On 11 Apr 2017, Sylvia Else posted some
:

On 12/04/2017 12:06 PM, de chucka wrote:
On 12/04/2017 11:43 AM, Sylvia Else wrote:
On 12/04/2017 7:51 AM, Air Gestapo wrote:
https://www.youtube.com/watch?v=STJQnu72Nec

Find us on http://www.facebook.com/flightorg. On the 9th April,
2017, a man was forcibly removed from United Airlines Flight
3411 in Chicago, set for Louisville. While we'd normally say
that until we have all the information, we have no information
at all, the United response tends to confirm the incident as
described by passengers. United Airlines said that ... "Flight
3411 from Chicago to Louisville was overbooked. After our team
looked for volunteers, one customer refused to leave the
aircraft voluntarily and law enforcement was asked to come to
the gate. We apologize for the overbook situation."

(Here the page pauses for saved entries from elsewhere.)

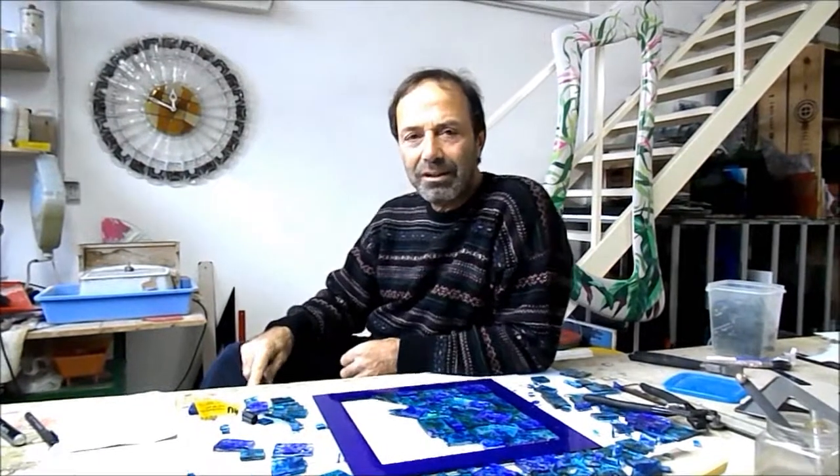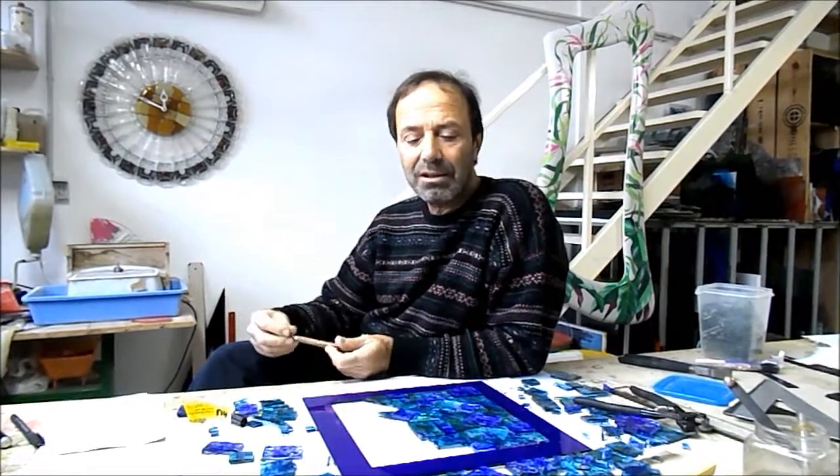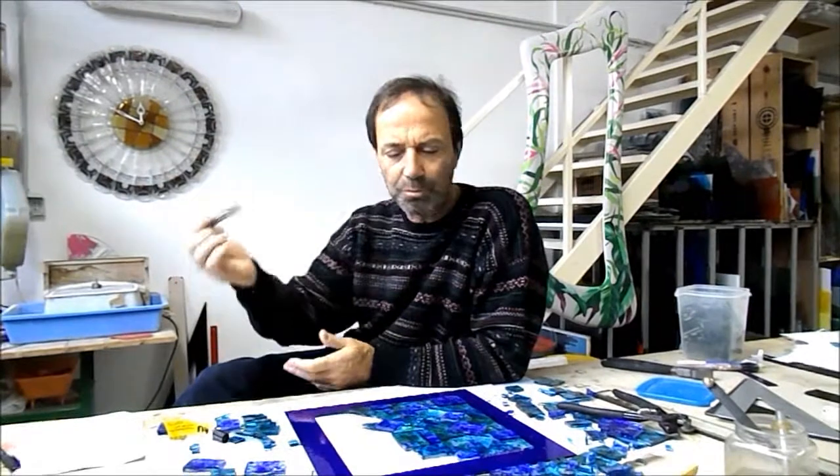If you are thinking to have a holiday in Italy and in Sorrento, you can also come here to learn glass. I can teach you, and I can also teach you Italian cooking, because we have a corner where we can cook and eat together here in my laboratory, in my workshop. You are welcome. Thank you.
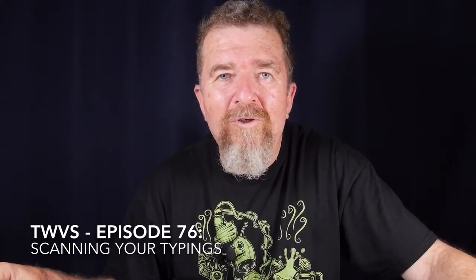Hey, this is Joe Van Cleave, and welcome to another episode of the Typewriter video series. Today, in preparation for the upcoming Typing Assignment series, I'm going to talk about photography. And what we're specifically going to be talking about is how to photograph or scan your typewritten one-page masterpieces.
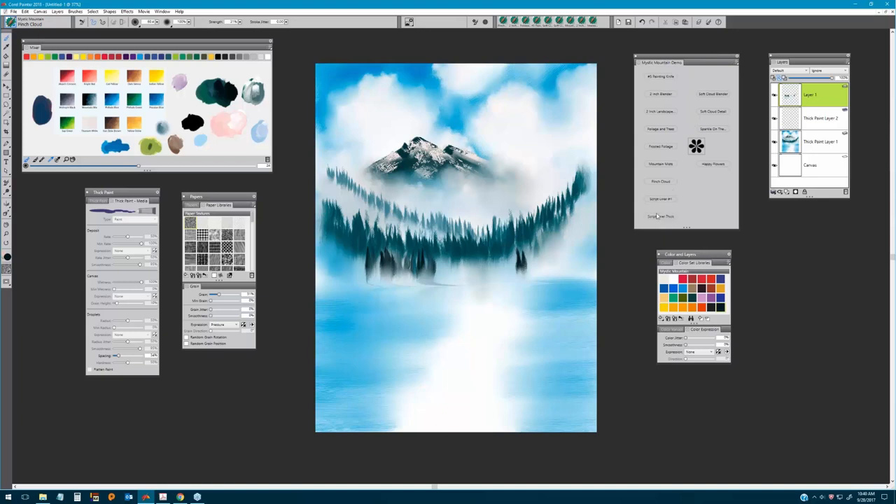Now I'm going to pick up the Script Liner Number One brush, select a nice pale color — a mixture of alizarin crimson with white — and just pull a little bit of a land mass out on the sides. This gives us that little plane where we can start building our land mass, keeping those lines nice and straight as they go across.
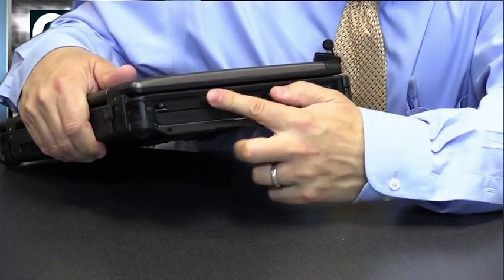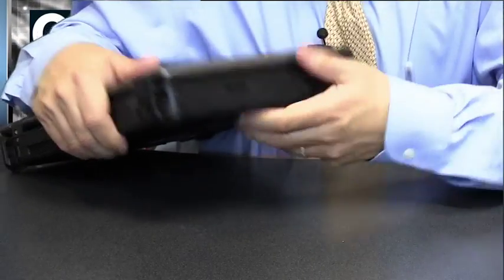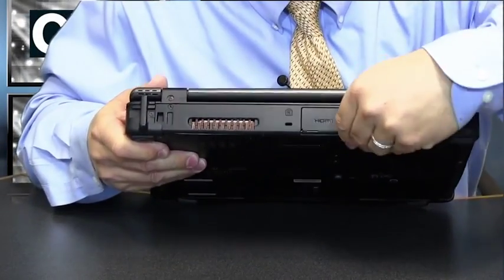Tucked behind the protective doors are USB 2.0 and 3.0 ports, gigabit ethernet, VGA and HDMI outputs, an optical drive slot, RS-232, and SD and smart card readers, plus a PC card slot.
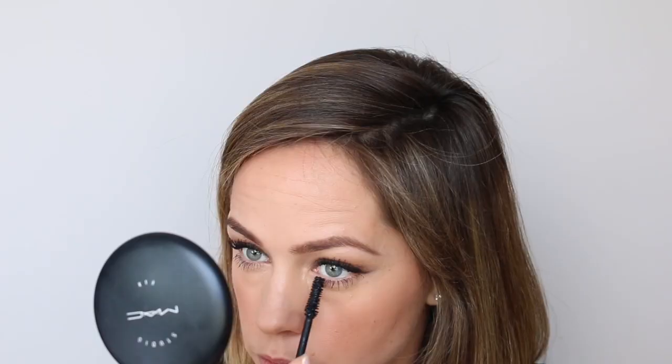I don't need to curl my eyelashes because I had my lash lift just over a week ago. So I'm just going to take some of this - this is the L'Oreal Paradise Mascara - and the same on the other eye.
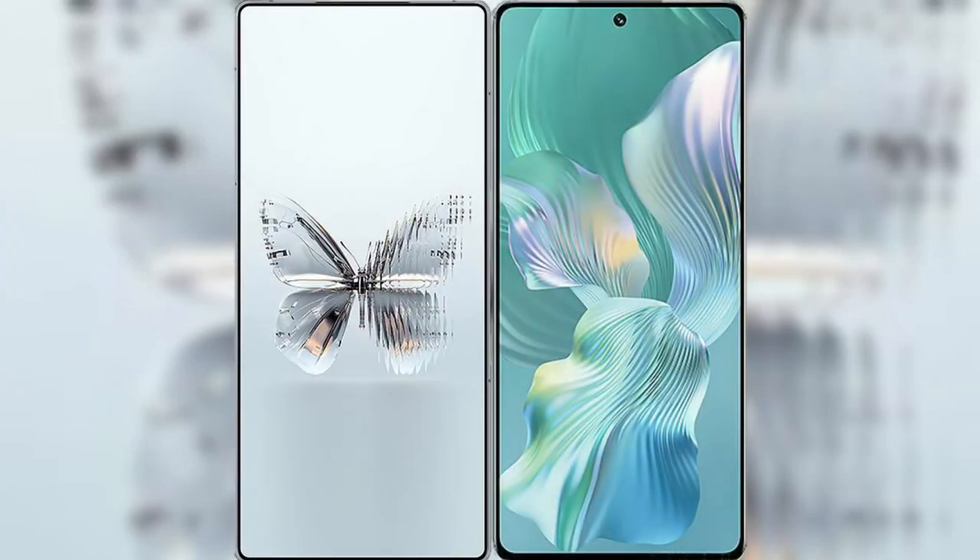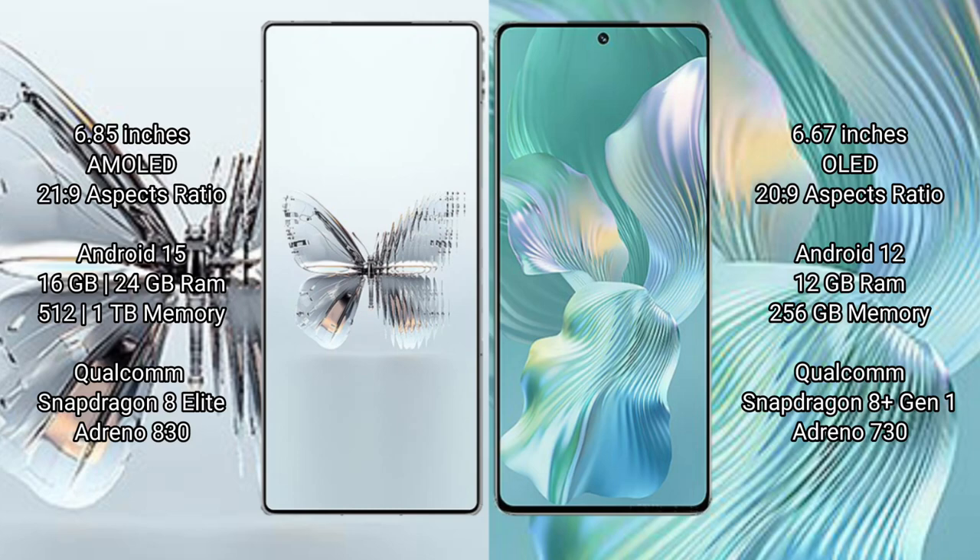I will compare the new Red Magic 10 Pro Plus with Honor 80 Pro Float. Red Magic 10 Pro Plus features a 6.85-inch AMOLED display with Snapdragon processor, while the Honor 80 Pro Float features a 6.67-inch OLED display.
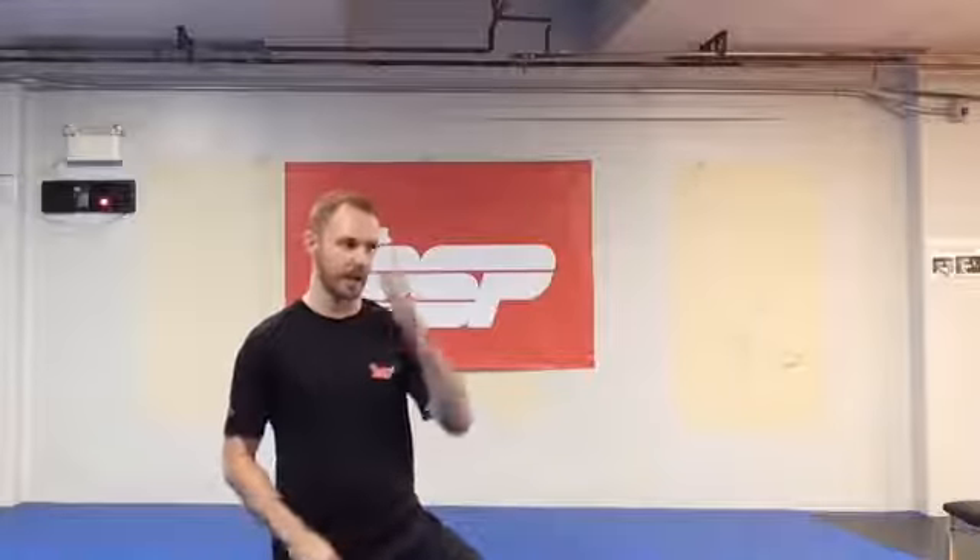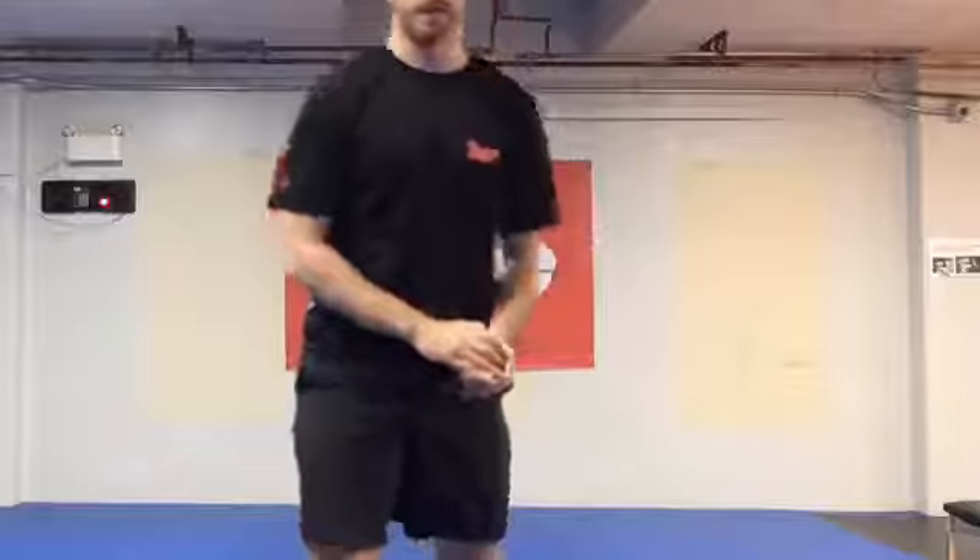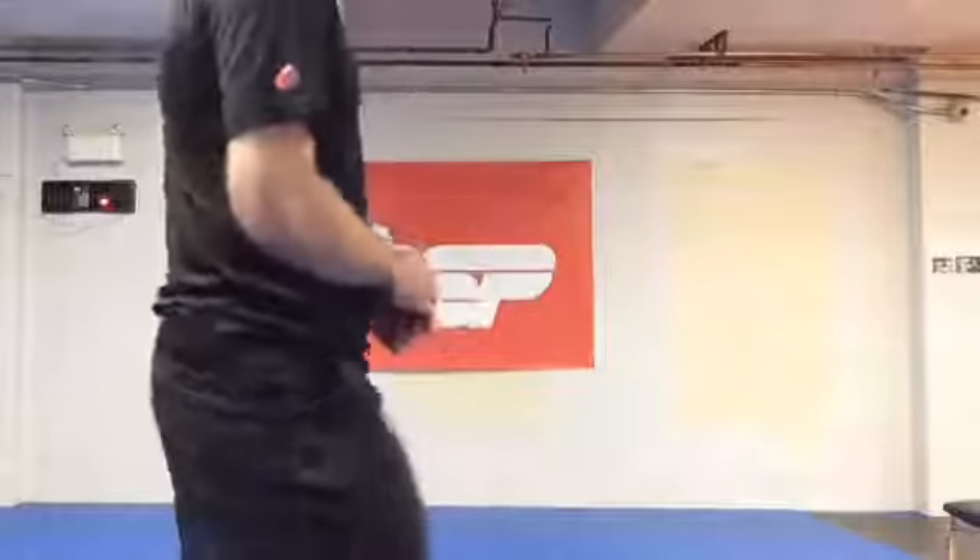Today we're keeping it nice and simple, bringing it back to basics. We're going to use Bulgarian split squats with RDLs, then Turkish sit-ups in a Tabata fashion — 30 seconds of work, 15 seconds transition, three rounds. After that, we're doing stationary farmer's walks, which are basically a loaded march, with some lateral step-overs, and then some hollow body holds.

It's a difficult situation. If a person refusing to leave were
allowed to stay, then passengers would never comply. If force has to
be used to remove a non-compliant passenger, then that's what has to
be done.

Bumping passengers in favour of its own staff looks strange, but it
may be that if those staff weren't carried, it would have knock on
effects for other flights.

To my mind, the proper solution to the overbooking problem is either
to ban it outright (given that it's deliberate, not just a mistake),
or to require that the airline just keep offering more and more
money until they do get the needed volunteers. If that means they
have to offer tens of thousands of dollars, then so be it - that's
the price of overbooking.


There is absolutely no excuse for overbooking flights and bouncing
booked passengers with valid tickets. In this case they bounced him
down the aisle


If they didn't overbook, then there'd be many more flights with empty
seats when people didn't show up. If you were an airline exec wouldn't
you been looking at those seats, and wishing you could earn some money
from them.

The problem is not the overbooking, but how it's handled when, as
occasionally happens, too many people actually turn up.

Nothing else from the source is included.